■ DATA IN THIS EXERCISE ■
=====
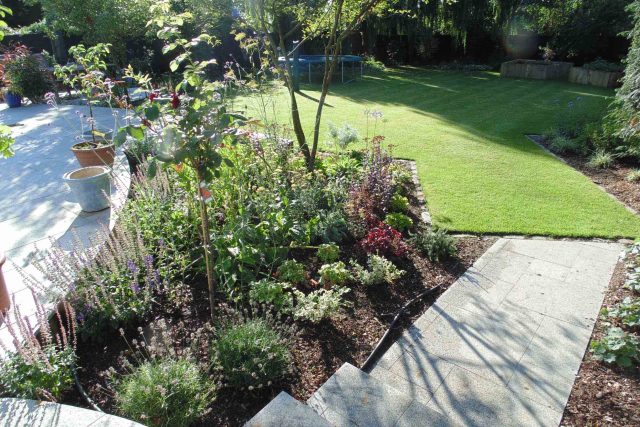 Blackheath Design, Hauf House, living green wall, dark granite edge detail, solid Oak automated gates a specialist garden contractors landscaping company.
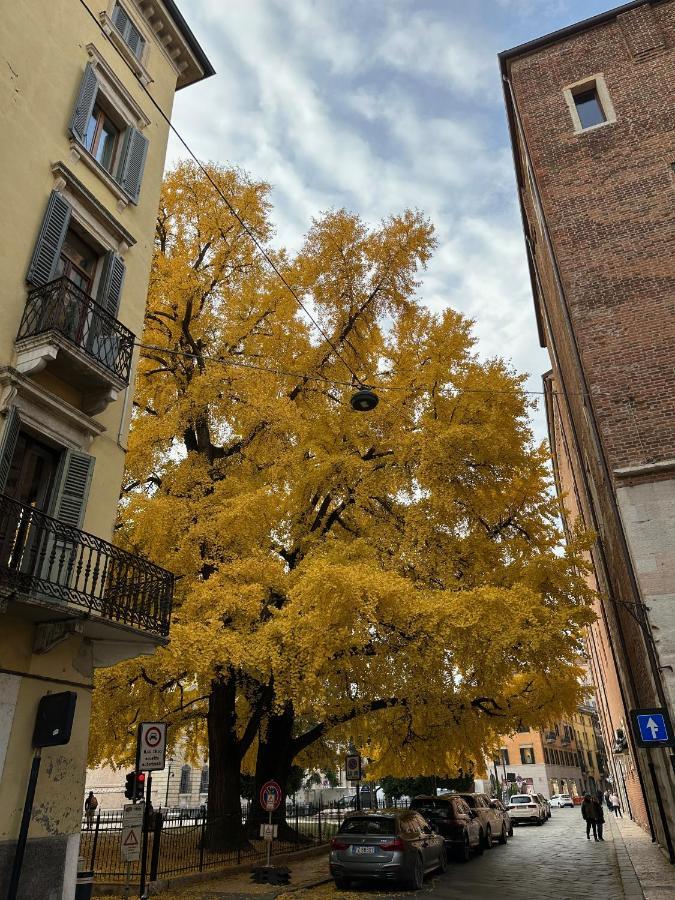 Domus Largo Pescheria Verona Dış mekan fotoğraf
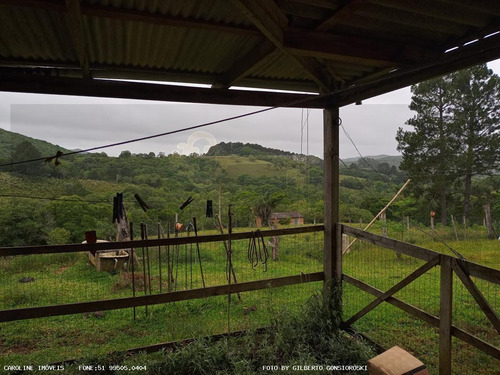 Imagem 7 de 15 de Sítio / Chácara Para Venda Em Mariana Pimentel, Linha Alves - Mariana Pimentel, 2 Dormitórios, 1 Banheiro - 1262_1-2191798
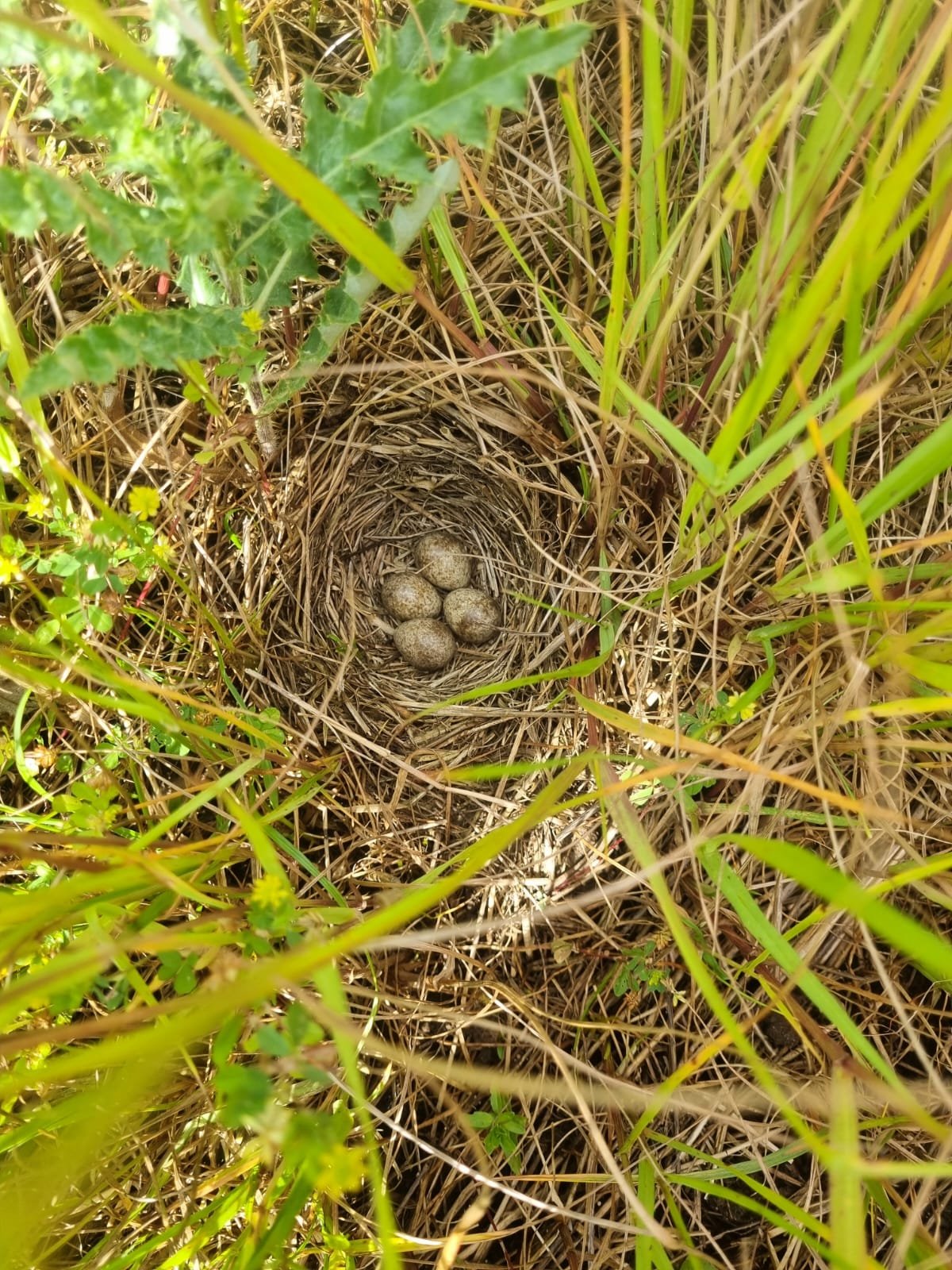 Nesting Bird Surveys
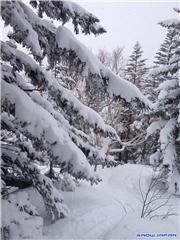 Trees 3, uploaded by Mick Rich  [Kiroro Snow World, Akaigawa Village, Hokkaido]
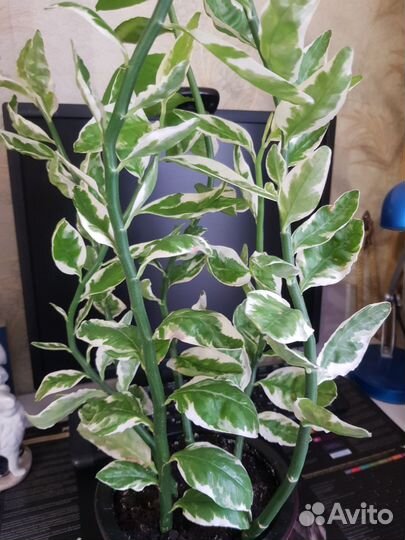 Педиландус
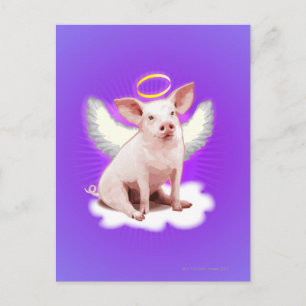 Angel Pig Postkarte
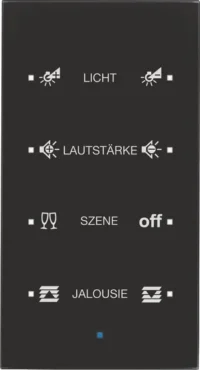 Berker Glas-Sensor 4-fach schwarz 75144935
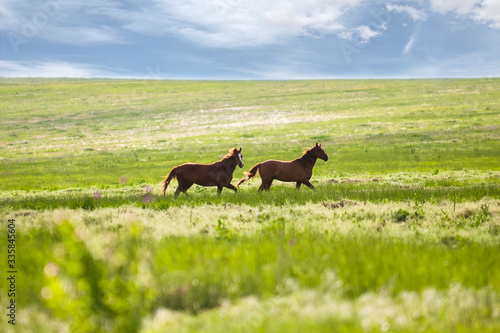 Herd of wild horses with a long mane running galloping over the steppe flowers on the island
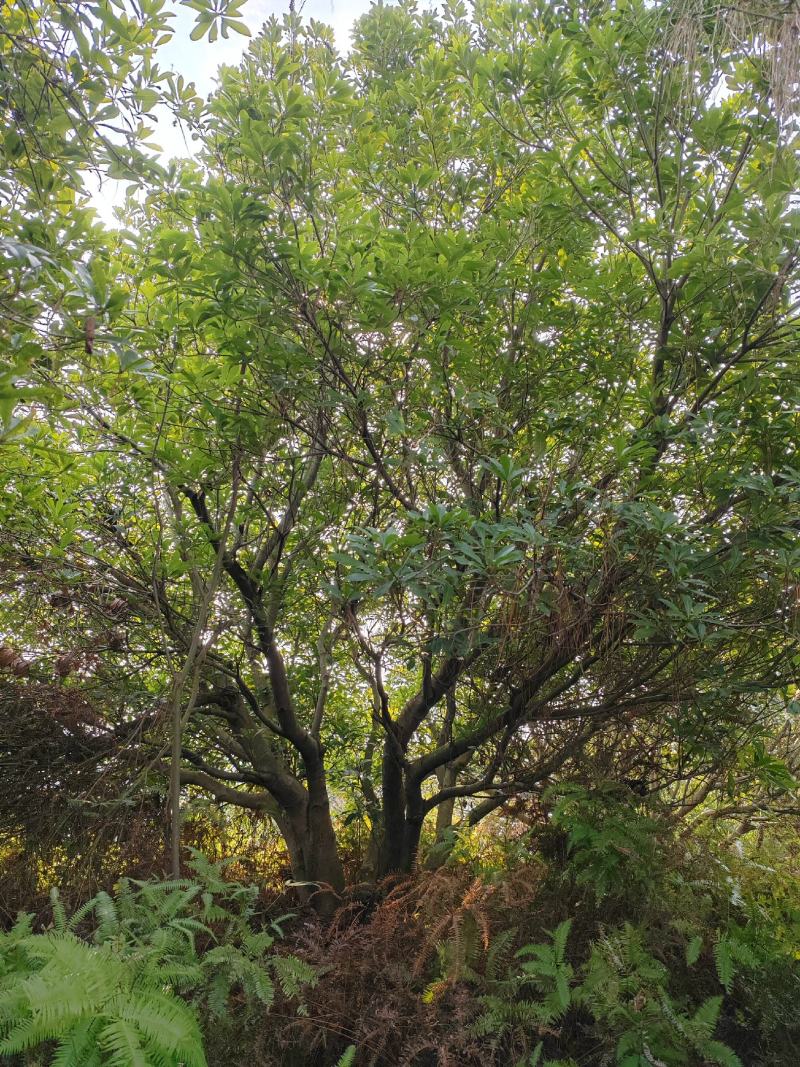 断根杨梅树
=====
■ YOUR ASSIGNMENT ■
Could you copy every record exactly, without the pictures?

■ YOUR SOLUTION ■
 Blackheath Design, Hauf House, living green wall, dark granite edge detail, solid Oak automated gates a specialist garden contractors landscaping company.
 Domus Largo Pescheria Verona Dış mekan fotoğraf
 Imagem 7 de 15 de Sítio / Chácara Para Venda Em Mariana Pimentel, Linha Alves - Mariana Pimentel, 2 Dormitórios, 1 Banheiro - 1262_1-2191798
 Nesting Bird Surveys
 Trees 3, uploaded by Mick Rich  [Kiroro Snow World, Akaigawa Village, Hokkaido]
 Педиландус
 Angel Pig Postkarte
 Berker Glas-Sensor 4-fach schwarz 75144935
 Herd of wild horses with a long mane running galloping over the steppe flowers on the island
 断根杨梅树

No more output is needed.